En attente de l’accréditation pour les animaux de fermes

Selon lui, les larves comportent de nombreux bienfaits pour l’alimentation des animaux d’élevage, notamment en raison du calcium qui s’y trouve « dans une forme facilement assimilable pour les oiseaux ». « Nos larves se distinguent d’ailleurs de la compétition par cet aspect-là [leur teneur en calcium], en raison de type de déchets organiques utilisés pour les nourrir. Ça reste encore à tester dans le champ, mais la littérature scientifique nous indique qu’il y a un potentiel assez gros là-dessus », affirme-t-il. Ce supplément larvaire riche en calcium, servi aux poules, pourrait améliorer la solidité de la coquille des œufs pondus, entre autres exemples.

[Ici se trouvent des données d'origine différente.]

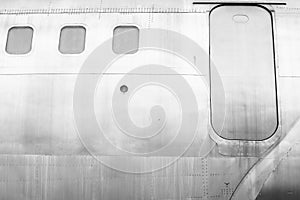 Windows of the white metal surface airplane with emergency exit security escape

La loi permet déjà au Couvoir Scott de réintroduire les larves de sa production de mouches dans l’alimentation des oiseaux de ses couvoirs, mais pas encore de les commercialiser à grande échelle. Rappelons que l’Agence canadienne d’inspection des aliments autorise déjà l’utilisation des larves d’insectes pour l’alimentation des animaux de compagnie, mais pas encore pour celle des animaux d’élevage. Le processus d’accréditation est encore en cours.

Un prix de l’AQINAC

Le projet d’élevage de mouches soldats noires du Couvoir Scott a remporté le Prix initiative responsable de l’Association québécoise des industries de nutrition animale et céréalière (AQINAC), le 16 juin. Un honneur qui lui a été décerné « pour le caractère hautement innovant du projet, pour la valorisation de l’expertise des ressources à l’interne et la volonté d’identifier de nouvelles avenues dans la gestion des résidus organiques », énumère l’AQINAC dans un communiqué. Il s’agissait de la première édition de ce prix, créé pour récompenser les membres de l’association qui se démarquent en matière d’environnement, de cohabitation sociale et de saine gouvernance.